Pas de favoritisme chez McLaren : Land Norris et Oscar Piastri libres de se battre, quitte à offrir le titre à Max Verstappen.

Le titre mondial se joue désormais sur un fil. Lando Norris mène, Oscar Piastri le suit à un point. Derrière eux, Max Verstappen remonte comme un fauve. L’écart, autrefois abyssal (104 points), n’est plus que de 36.
Dans les couloirs de Woking, un mot revient en boucle : 2007. L’année maudite où McLaren, déchirée entre Lewis Hamilton et Fernando Alonso, a laissé filer le titre à Kimi Räikkönen. Dix-huit ans plus tard, l’histoire menace de se répéter.
Face à cette tension, une autre équipe aurait déjà tranché. Geler les positions, donner la priorité au pilote en tête — une décision froide, rationnelle, presque automatique.
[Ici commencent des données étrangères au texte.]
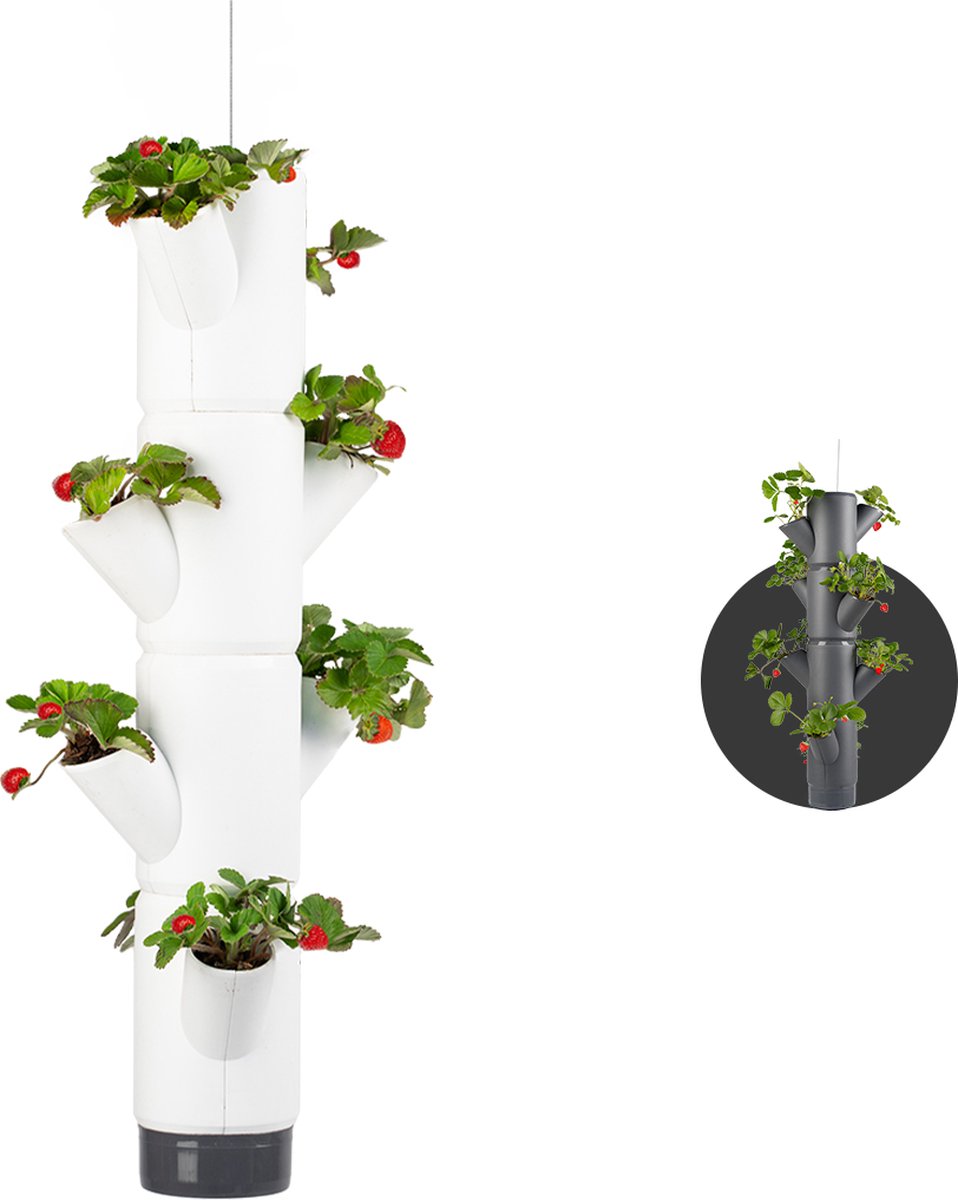 Gusta Garden - Sissi Strawberry - Aardbeien Planten - Aardbeienzak - Kweekbak - Kweektafel - Plantentoren met 4 Levels - Hangend Wit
Mais pas McLaren. Pas cette fois.
Zak Brown et Andrea Stella ont fait leur choix : aucune consigne d’équipe. L’égalité restera totale, quitte à offrir le titre à Verstappen. « Dire à l’un de nos pilotes : “Je sais que tu rêves de devenir champion, mais on a tiré à pile ou face et ce n’est pas ton année” ? Oubliez ça. Ce n’est pas notre façon de courir », tranche Brown.
Andrea Stella, lui, assume la même philosophie : « Si Max est champion, l’important est de pouvoir dire que nous avons fait de notre mieux, unis, selon notre façon de courir. »
McLaren ne joue pas la défense. Elle joue la loyauté. Le traumatisme de 2007 hante encore l’équipe, et ses dirigeants savent qu’une victoire perdue vaut mieux qu’une guerre interne gagnée. La cohésion prime sur la stratégie. Quitte à en payer le prix.
Le prix pourrait être lourd. Car le scénario cauchemardesque — ou sublime, selon le point de vue — est mathématiquement possible. AUTOhebdo s’est amusé à simuler cette fin de saison : trois pilotes ex æquo avant la finale d’Abou Dabi.
À São Paulo, les deux McLaren s’accrochent dans le “S” de Senna. Verstappen gagne. L’écart fond.
À Las Vegas, Norris sauve les meubles en finissant devant ses deux rivaux.
Au Qatar, Piastri et Verstappen se rendent coup pour coup.
Résultat fictif : (Voir le détail sur AUTOhebdo)
1. Piastri 394 pts / 2. Norris 394 pts / 3. Verstappen 394 pts.
Ce scénario (qui inclut aussi une égalité parfaite à 443 points entre Ferrari, Red Bull et Mercedes pour la P2 constructeurs) illustre parfaitement le dilemme de Zak Brown.
En refusant de choisir, McLaren prend le risque immense de voir ses pilotes se neutraliser mutuellement, permettant à Verstappen de combler son retard. La philosophie de Woking est noble, mais elle pourrait être testée jusqu’à son point de rupture d’ici la finale.